I’m so sorry for saying it: but this fix is not a fix. I have to underline there were failed tests:

[037] replication/errinj.test.lua                     memtx           [ fail ]

[037] replication/errinj.test.lua                     vinyl              [ fail ]
 
You can find it here: 
https://github.com/tarantool/tarantool/runs/3322606890
 
 
--
Vitaliia Ioffe
 
 
Пятница, 13 августа 2021, 17:25 +03:00 от Serge Petrenko <sergepetrenko@tarantool.org>:
 
upstream.lag is the delta between the moment when a row was written to
master's journal and the moment when it was received by the replica.
It's an important metric to check whether the replica has fallen too far
behind master.

Not all the rows coming from master have a valid time of creation. For
example, RAFT system messages don't have one, and we can't assign
correct time to them: these messages do not originate from the journal,
and assigning current time to them would lead to jumps in upstream.lag
results.

Stop updating upstream.lag for rows which don't have creation time
assigned.

This also fixes the flaky replication/errinj.test.lua
---
https://github.com/tarantool/tarantool/tree/sp/applier-lag-fix

 src/box/applier.cc | 3 ++-
 1 file changed, 2 insertions(+), 1 deletion(-)

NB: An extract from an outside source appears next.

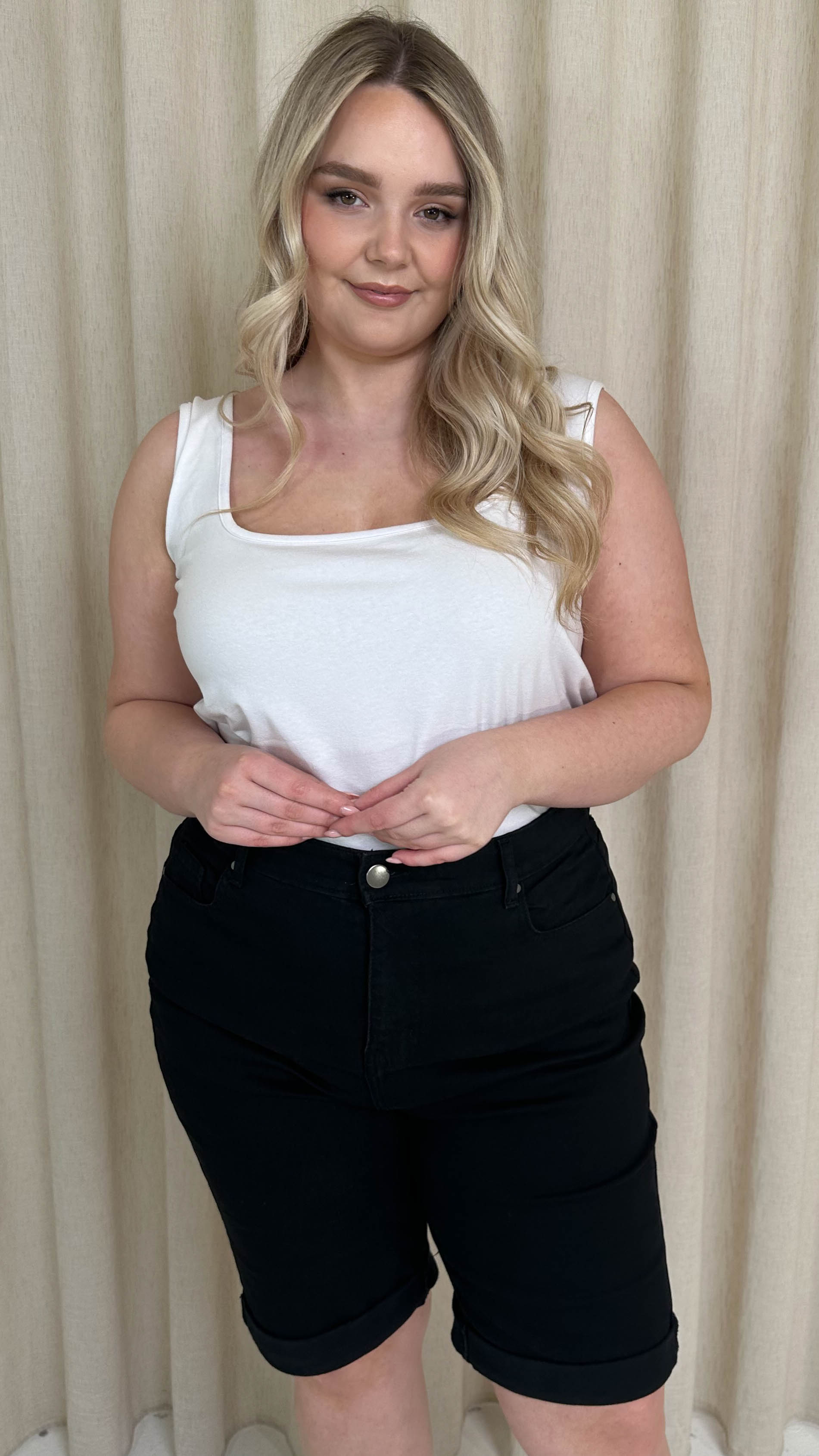 CurveWow Mom Style Denim Shorts Jet Black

diff --git a/src/box/applier.cc b/src/box/applier.cc
index 902d0bc72..9256078e1 100644
--- a/src/box/applier.cc
+++ b/src/box/applier.cc
@@ -664,7 +664,8 @@ applier_read_tx_row(struct applier *applier, double timeout)
 
  coio_read_xrow_timeout_xc(coio, ibuf, row, timeout);
 
- applier->lag = ev_now(loop()) - row->tm;
+ if (row->tm > 0)
+ applier->lag = ev_now(loop()) - row->tm;
  applier->last_row_time = ev_monotonic_now(loop());
  return tx_row;
 }
--
2.30.1 (Apple Git-130)